Abril não morre, porque o Futuro, porque a Juventude precisa de Abril, mesmo que tenha que aprender a soletrar valores esquecidos, realidades deturpadas, enquanto os tentam convencer num país cada vez mais pobre que cada um pode enriquecer, quando é sabido que são precisos pobres explorados para fazer um rico!

Não meninos! Não vão enriquecer! Como vossos pais não enriqueceram! A vossa única riqueza é a clarividência do pensar, é a vossa inteligência para apreender as lições da história para que nao se repitam nunca. E o vosso firme e magnífico não, perante o papel que vos tentam fazer representar!
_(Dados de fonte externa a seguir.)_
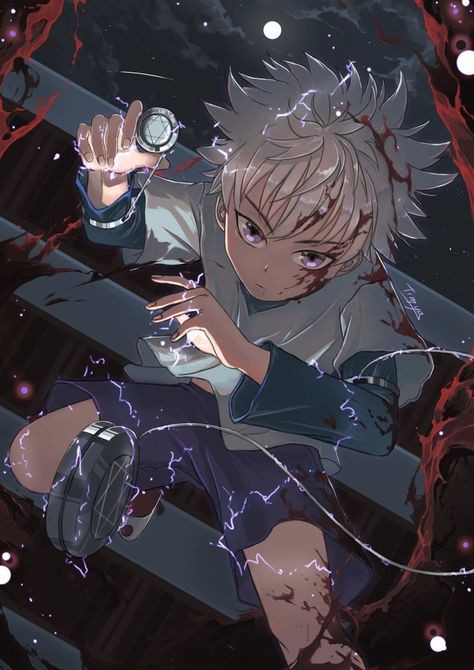 44 idées de dessins hunter x hunter pour s'inspirer 1 44 idées de dessins hunter x hunter pour s'inspirer 1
E o caminho do Pensar a construir!

VAMOS A ERGUER A VOZ

Vamos reaprender ABRIL? A única época em que a nossa vida se encontrava nas nossas mãos e nos nossos cérebros de Seres pensantes!

Abril não morre!!!

Abril vai RENASCER!

em FRENTE GENTES

ADIANTE COMPANHEIROS!

Marília Gonçalves

andrade da silva disse...

MARILIA

Compreendo a força das suas palavras e os eus sentimentos de que partilho e luto desde sempre por Abril, nunca, nunca o traí.

Sei que muitos lutarão e estão a lutar por Abril que resiste às punhaladas mil que desde o 25 de Novembro de 1975 lhe têm cravado, o que logo foi feito nesse dia com a ignominiosa traição, concebida e planeada pelos américas, os alemães e o fascista do Franco e executada por muitos que andam por aí de cravo ao peito calados que nem ratos e pondo bombas de silêncio, onde, se fala e luta por Abril.

Todavia apesar da corrupção, das medidas graves contra as pessoas e a vergonhosa protecção dos ricos, dizem as sondagens que os cidadãos eleitores querem confiar um novo mandato ao actual 1º Ministro para legitimado pelo voto continuar esta politica de defesa dos interesses do grande capital. È neste sentido que Abril morre assassinado por sucessivos actos eleitorais que não tiram o país do jugo da direita e do neo-liberalismo. Não é por acaso que o sr.Isaltino de morais diz que o Sr. eng Sócrates tem um perfil ideal para líder do PSD.

Mas sobre esta estratégia do PS para a conquista da maioria vou colocar um post.
obrigado
abraço
asilva

Jerónimo Sardinha disse...

Cara Marília,

De Abril, vai restando uma saudade, acompanhada de dor e pouco mais, em muitos dos que o quiseram puro e diferente.

Se é certo que os que se alcandoraram a dirigentes, ou ditos, são responsáveis por todos os desvios e oportunismos, não será menos verdade a culpa, inteira, deste povo abastardado.

Até estamos numa época, boa por excelência, para avaliar essa torpeza.

Da pobre Lisboa que viu nascer Abril, pouco resta. E esse pouco, vai sendo cada vez mais descaracterizado, vendido a interesses pessoais e oportunismos capitalistas.
Basta-nos como "pequeno" exemplo a agora propalada muralha de contentores de Alcântara. Basta ver quem está envolvido, o que fez no passado, quem era no "tal dia" e o que é hoje.

Mas lutar por ABRIL é uma obrigação e um dever de todos os que acreditam na LIBERDADE e na CIDADANIA.

Abraço fraterno e obrigado pelos seus emotivos recortes.